[Crawled caption data]

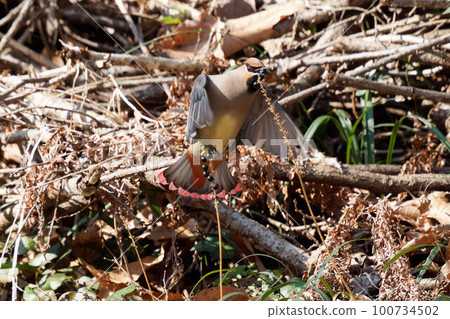 吃 Yaburan 果實的鰭菠蘿蜜 100734502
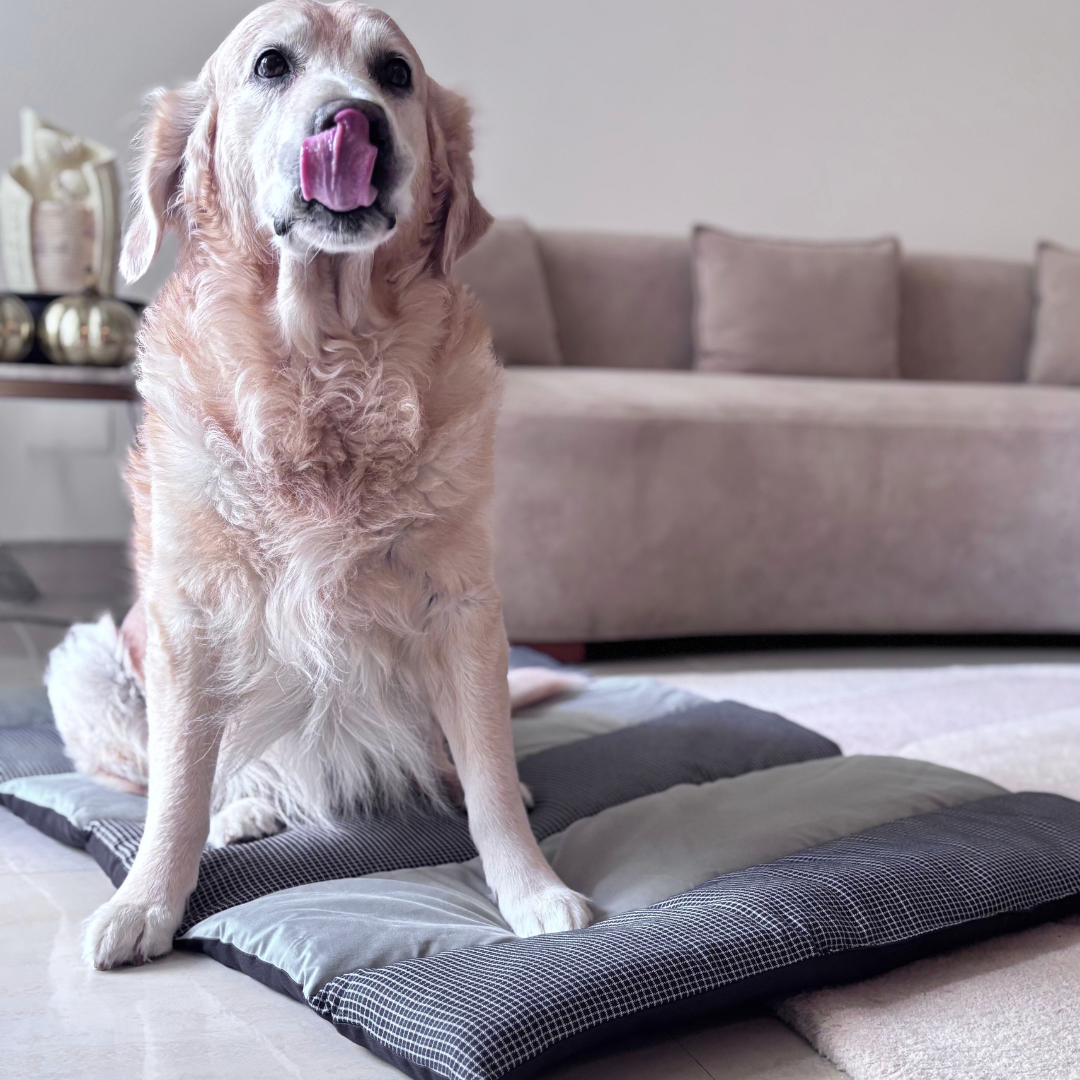 fluffy dog bed| dog mattress | Small dog beds | big dog bed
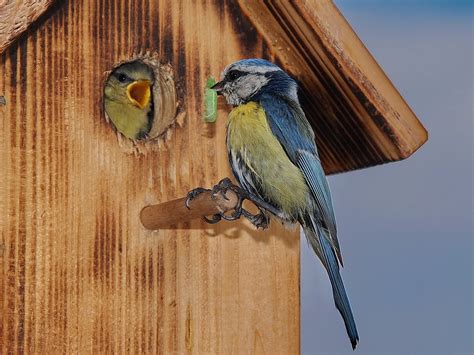 Fütterung Der Jungen Blaumeisen Foto And Bild Tiere Wildlife Wild Lebende Vögel Bilder Auf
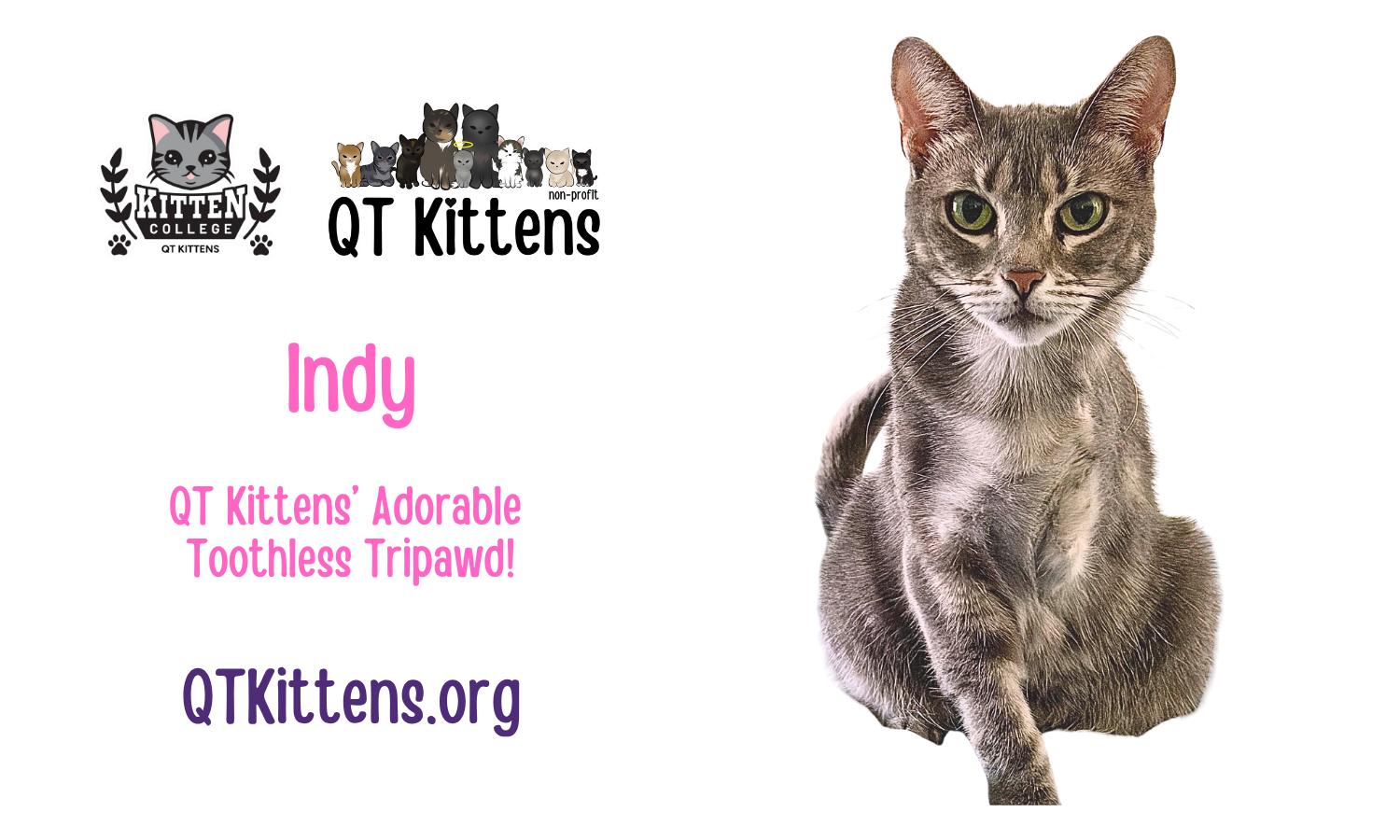 Enlarge Indy, a Adoptable mixed breed in Naples, FL image 2/3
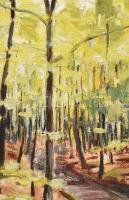 Agricola Lídia (1914-1994): Erdélyi táj. Olaj, vászon, jelzett, fa keretben, 47×39 cm / Lydia Agrico...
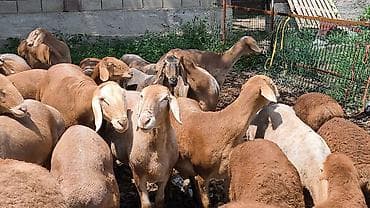 будай урон: Продаю | Овца (самка), Ягненок, Баран (самец) | Арашан | Для разведения | Котные, Осеменитель, Матка — 4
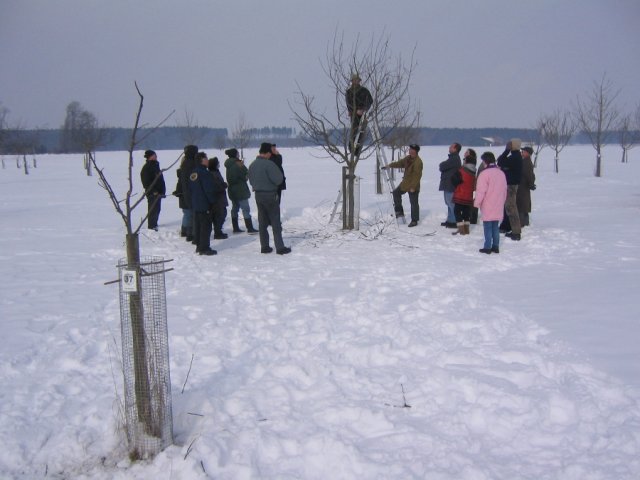 Schnittkurs 2005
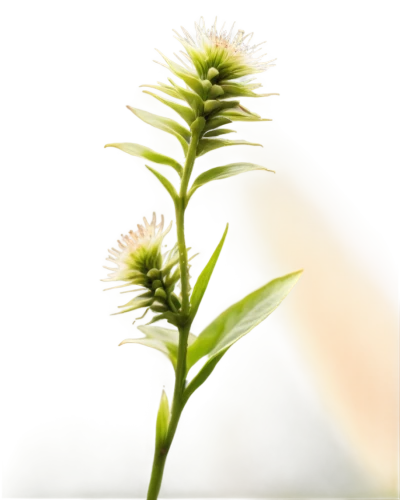 wild horsemint,teasel,yellow nutsedge,eucomis,flowers png,taraxacum officinale,fleabane,taraxacum,greater burdock,hieracium,pineapple lily,citronella,xerochrysum bracteatumm,lemon beebalm,coneflower,panicle,kniphofia,straw flower,artichoke thistle,plantago,Conceptual Art,Oil color,Oil Color 14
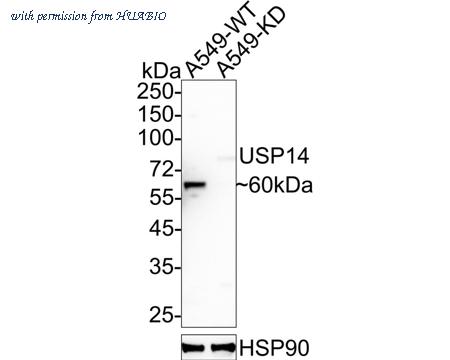 HUABIO ER1803-55 image 1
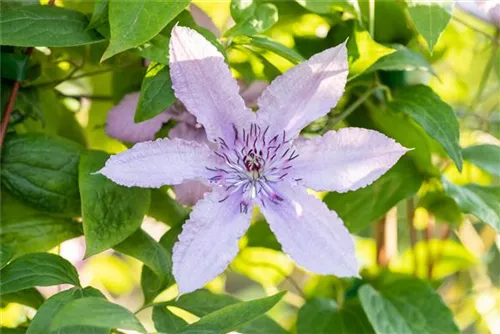 Waldrebe 'Hagley Hybrid' - Clematis 'Hagley Hybrid'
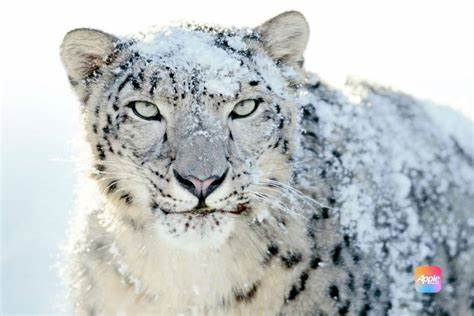 macOS雪豹(Mac OS X 10.6)作为苹果操作系统历史上的重要里程碑版本,以其传说般的卓越稳定性和性能表现,深受广大用户怀念。本文深入剖析雪豹的神话背后真正的技术演进、问题挑战与软件质量演变,带您全面了解这款系统的历史定位及其对当今macOS发展节奏与质量影响。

__Problem requirements__. Your copy must repeat the data word for word and show none of its images.

__Task output__.
 吃 Yaburan 果實的鰭菠蘿蜜 100734502
 fluffy dog bed| dog mattress | Small dog beds | big dog bed
 Fütterung Der Jungen Blaumeisen Foto And Bild Tiere Wildlife Wild Lebende Vögel Bilder Auf
 Enlarge Indy, a Adoptable mixed breed in Naples, FL image 2/3
 Agricola Lídia (1914-1994): Erdélyi táj. Olaj, vászon, jelzett, fa keretben, 47×39 cm / Lydia Agrico...
 будай урон: Продаю | Овца (самка), Ягненок, Баран (самец) | Арашан | Для разведения | Котные, Осеменитель, Матка — 4
 Schnittkurs 2005
 wild horsemint,teasel,yellow nutsedge,eucomis,flowers png,taraxacum officinale,fleabane,taraxacum,greater burdock,hieracium,pineapple lily,citronella,xerochrysum bracteatumm,lemon beebalm,coneflower,panicle,kniphofia,straw flower,artichoke thistle,plantago,Conceptual Art,Oil color,Oil Color 14
 HUABIO ER1803-55 image 1
 Waldrebe 'Hagley Hybrid' - Clematis 'Hagley Hybrid'
 macOS雪豹(Mac OS X 10.6)作为苹果操作系统历史上的重要里程碑版本,以其传说般的卓越稳定性和性能表现,深受广大用户怀念。本文深入剖析雪豹的神话背后真正的技术演进、问题挑战与软件质量演变,带您全面了解这款系统的历史定位及其对当今macOS发展节奏与质量影响。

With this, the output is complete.